Less than a month ago, Mayor Brandon Johnson presented voters with the Bring Chicago Home referendum. He asked voters to approve hundreds of millions of dollars in new public spending to support his homelessness initiatives. Voters said no.
Last week, Johnson was before the public again with another request for billions, to support a new Chicago Bears stadium. Given the public reaction to date, the proposed stadium looks to be heading for the same fate as Bring Chicago Home.
After the public rejects these initiatives, Johnson has been quick to blame the rejection on MAGA Republicans and other boogeymen. But that excuse ignores a much more obvious explanation: The public doesn’t trust Chicago’s politicians to carry out big goals.

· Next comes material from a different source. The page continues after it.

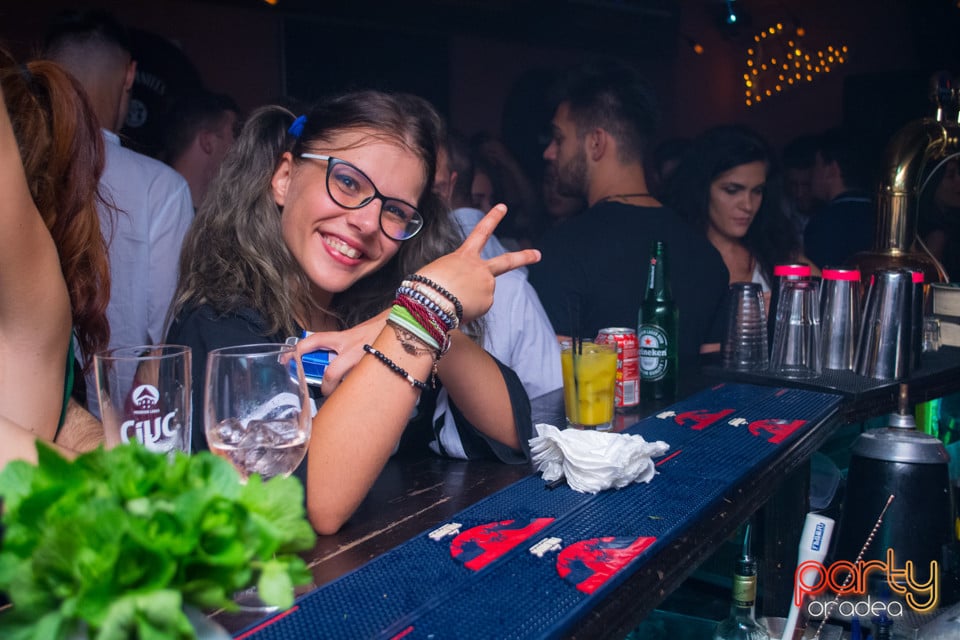 Vineri seara la Edison Pub, 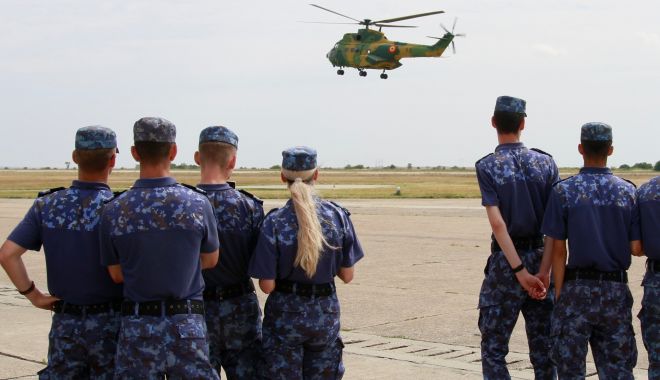 Elevii de la Colegiul Național Militar „Al. I. Cuza”, în vizită la Baza 57 Aeriană Mihail Kogălniceanu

The track record among our elected officials doesn’t inspire confidence. Former Ald. Ed Burke was convicted on multiple federal charges and faces sentencing soon. The former Illinois House speaker, Michael Madigan, stands trial on federal bribery charges later this year. In another federal investigation, housing regulators announced that the City Council itself likely violates civil rights laws by letting aldermen issue unilateral vetoes over affordable housing developments, a practice known as aldermanic prerogative.
While federal prosecutors are trying to clean up government, elected leaders haven’t shown the same initiative.
Past mayors have carried the torch of ethics reform, but Johnson wants nothing to do with it. Then-Mayor Rahm Emanuel entered a 2011 executive order that barred lobbyists from making political donations to the mayor. Johnson ignored the order and accepted contributions from lobbyists. He only stopped when called out by the Chicago Board of Ethics.
Lori Lightfoot as mayor also strengthened city government in ways that the Johnson administration has since abandoned. I had worked for Lightfoot on ethics issues, including efforts to roll back aldermanic prerogative. These efforts appear all but dead. Johnson’s office has even confirmed that he will not implement her final attempts to rein in aldermanic prerogative or to increase transparency.
And this Bears stadium proposal marks another step backward in good governance. The deal was negotiated behind closed doors with zero transparency, and it would saddle generations with as much as $6 billion in debt — all for poorly defined public benefit.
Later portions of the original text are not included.